Identifying the population of nerve cells that are responsible for musculoskeletal pain

Disease - Muscle weakness, back pain, fibromyalgia

Lead applicant - Dr Shafaq Sikandar

Organisation - University College London

Type of grant - Career Development Fellowship

Status of grant - Active

Amount of the original award - £457,470.45

Start date - 1 October 2018

Reference - 21734

Public Summary

What are the aims of this research?

The aim of this research is to understand the changes that occur in the nervous system in chronic musculoskeletal pain, and to identify which population of nerve cells are responsible for driving chronic pain.

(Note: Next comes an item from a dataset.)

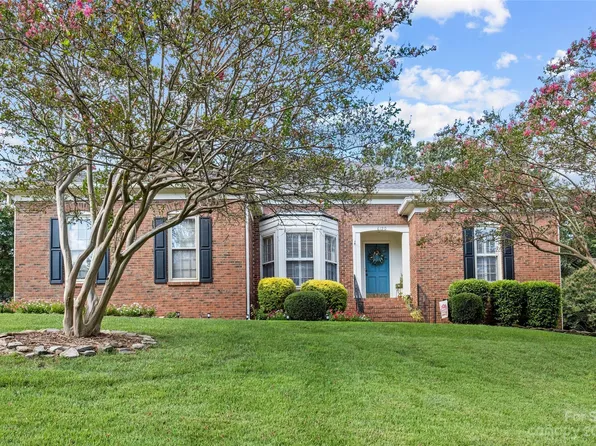 6120 Lexham Ln, Charlotte, NC 28277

Why is this research important?

Chronic pain is a common symptom of arthritis and musculoskeletal conditions. There is a demand for new drugs to treat this pain, and this can only happen with better understanding of how chronic pain develops in different conditions. Currently there is a poor understanding of the difference between nerve cells responsible for normal sensations from the skin compared to nerve cells that produce pain from other parts of the body, such as muscle, which is one of the reasons for inadequate pain management of some musculoskeletal diseases.

There is already a lot of knowledge about pain from genetic research, and the use of genetic engineering allows us to look at specific parts of the nervous system. Using mice with fibromyalgia, the researchers will use genetic approaches to delete specific types of nerve cells, in order to identify those that are responsible for chronic musculoskeletal pain.

How will the findings benefit patients?

The outcomes of this research could provide potential targets for new pain relieving drugs. Understanding the cause for the transition from acute to chronic musculoskeletal pain is an essential basis for drug development, and the targets identified here may be applicable to a wide range of musculoskeletal pain conditions.